Monday, Jan. 31, 1944
Sorry Story's End
The first major scandal to besmirch a big-time war producer hit the headlines just over a year ago (TIME, Jan. 4, 1943). In Fort Wayne, Ind., and Pawtucket, R.I., the Anaconda Wire & Cable Co.* was indicted for deliberately delivering to Russia and to the U.S. Army Signal Corps equipment dangerously below standard. Last June the Fort Wayne case wound up with the maximum fine ($10,000 and costs) for Anaconda Wire, lesser fines for five officials and suspended jail sentences for three of them.

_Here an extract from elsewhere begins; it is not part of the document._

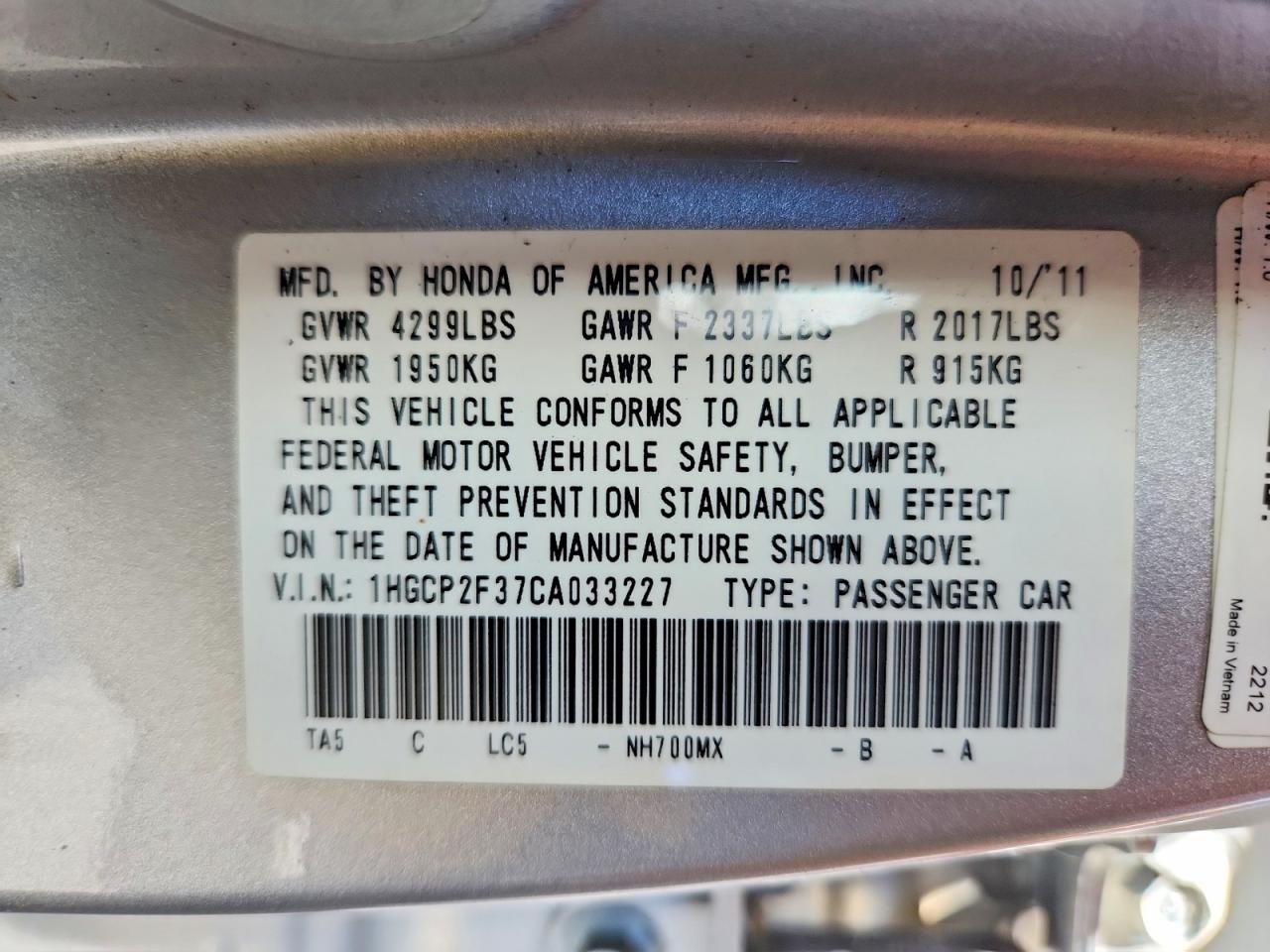 2012 Honda Accord Lx Silver vin: 1HGCP2F37CA033227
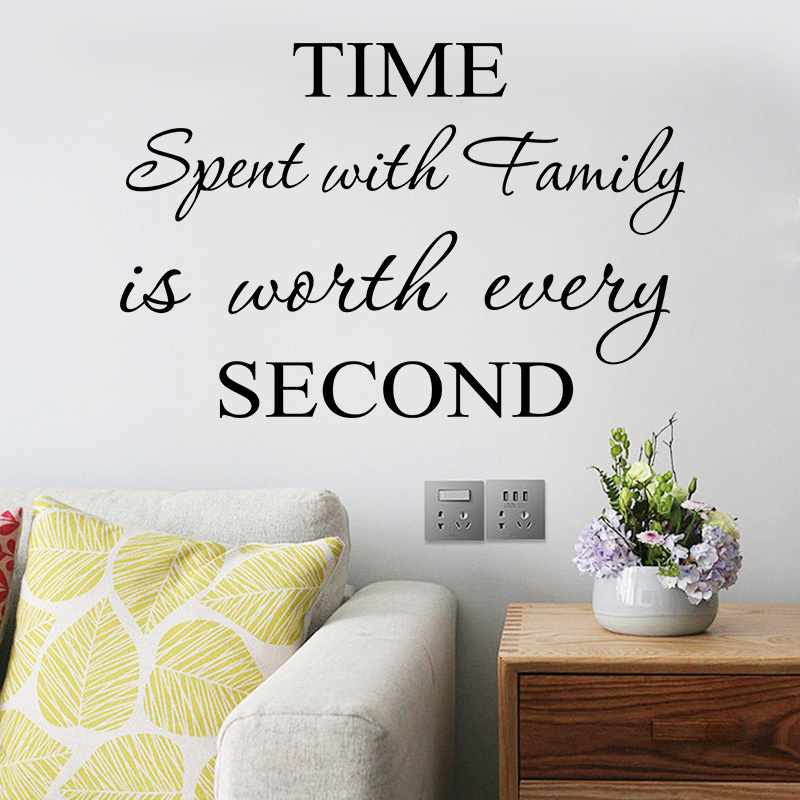 Time Spent with Family is Worth Every Second Giant Great Wall Stickers Removable Art DIY Sticker Home Decal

Last week a Providence, R.I. judge put a much more violent end to the whole sorry story. Four of the five past or present local plant men included in the indictment got jail sentences running from a year & a day to 18 months, while the fifth was put on probation "with reluctance" because he had turned State's evidence. But the big blow was dealt to the company itself. Besides the maximum fine, Judge John P. Hartigan delivered a stinging rebuke that would cost any company far more in good will than a mere $10,000. The defendants he had just sent to jail were motivated, he said, by "blind loyalty to a corporation that didn't seem to appreciate the loyalty it owed to the U.S. . . . Anaconda Wire & Cable Co. [was the] chief culprit."